- Problem requirements -
From the line containing "Down Coat Candy" to the last line of the listing, transcribe exactly and add nothing else; keep both ends and omit pictures.

- Data excerpt -
=======

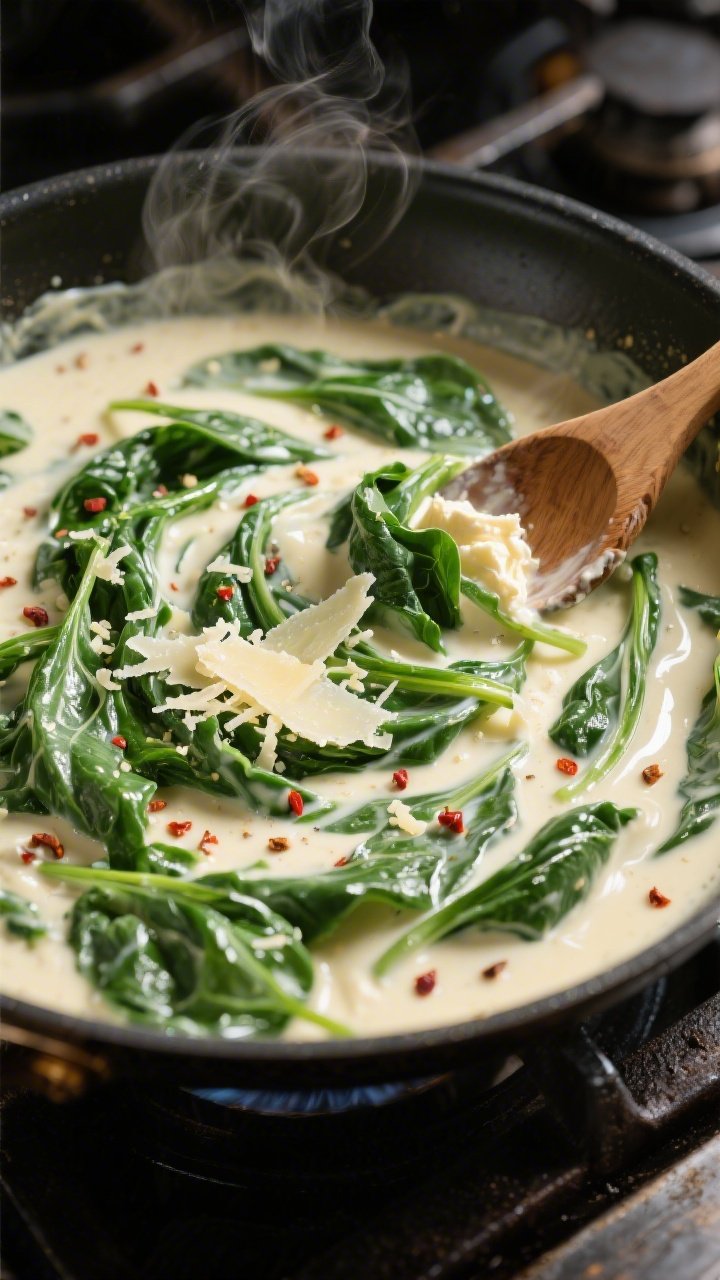 Cooking process: Overhead shot of the creamy spinach base simmering in a skillet right after wilting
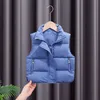 Down Coat Candy Color Down Cotton Vest Children'S Waistcoat Spring Autumn Casual Cardigan Thicken Warm Outerwear Toddler Sleeveless Coat R230905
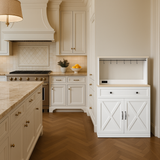 Puluomis White Kitchen Sideboard Pantry with Cup Holders and Storage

=======

- Answer below -
 Down Coat Candy Color Down Cotton Vest Children'S Waistcoat Spring Autumn Casual Cardigan Thicken Warm Outerwear Toddler Sleeveless Coat R230905
 Puluomis White Kitchen Sideboard Pantry with Cup Holders and Storage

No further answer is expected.